## [WHAT TO WORK ON]
Pictures are to be omitted; everything else in the data must be transcribed exactly.

## [DATASET SECTION]
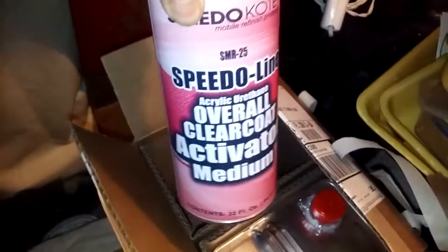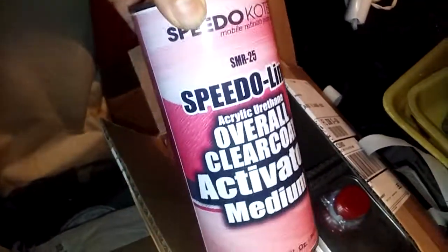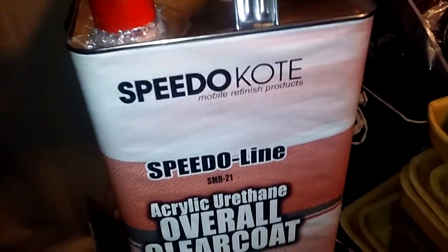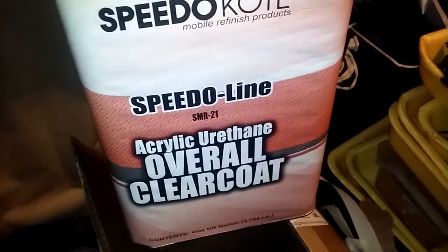This is the speed coat when it comes in the mail. This is the hardener. Activator. And this is the gallon speedo coat — acrylic urethane overall clear coat.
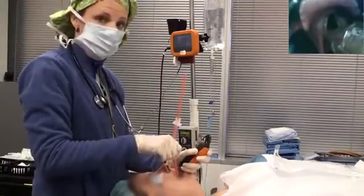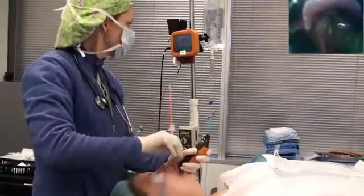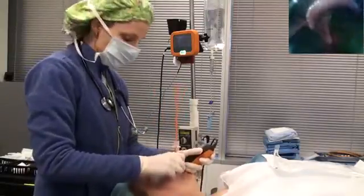If it were to hang up on an arytenoid, all you got to do is turn the tube a little bit counter-clockwise and continue to advance, and then you're finished.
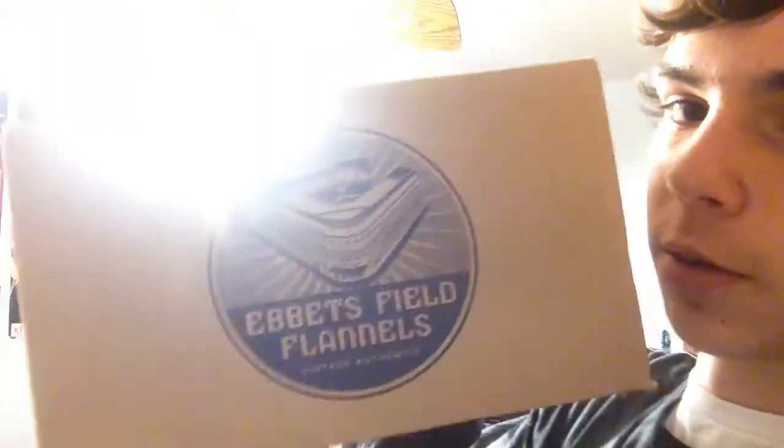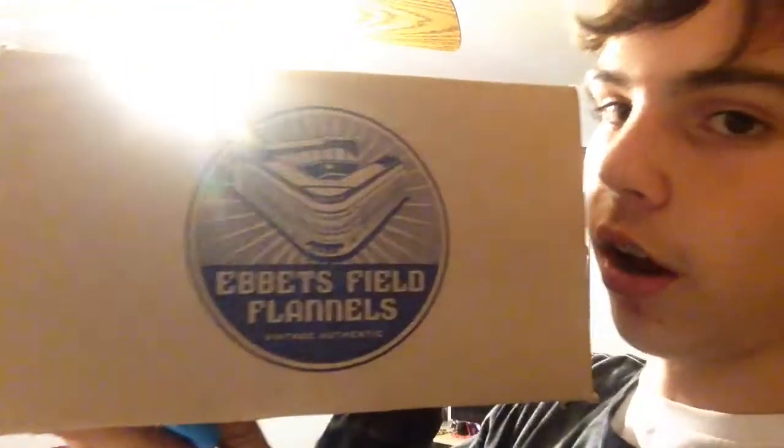Hey, it's Big Bong White Spot here with a pickup — well, unboxing video, kind of the same thing. I haven't done a video in a while, hope you like it. As you can see, this is from Ebbets Field Flannel, so it's probably coming in backwards. Let's just get into the package.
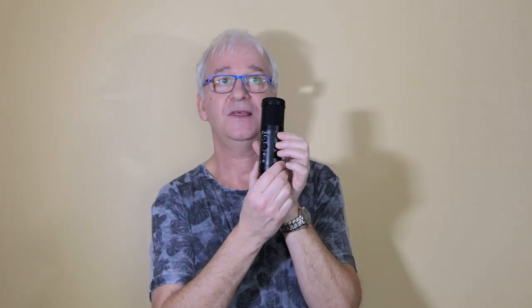Now both of those microphones sell for about £70 plus, while this one was between £20 and £30. You'd think that there would be no comparison, but as you'll hear from the sound samples, you'd be wrong.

## [ANSWER]
This is the speed coat when it comes in the mail. This is the hardener. Activator. And this is the gallon speedo coat — acrylic urethane overall clear coat.
If it were to hang up on an arytenoid, all you got to do is turn the tube a little bit counter-clockwise and continue to advance, and then you're finished.
Hey, it's Big Bong White Spot here with a pickup — well, unboxing video, kind of the same thing. I haven't done a video in a while, hope you like it. As you can see, this is from Ebbets Field Flannel, so it's probably coming in backwards. Let's just get into the package.
Now both of those microphones sell for about £70 plus, while this one was between £20 and £30. You'd think that there would be no comparison, but as you'll hear from the sound samples, you'd be wrong.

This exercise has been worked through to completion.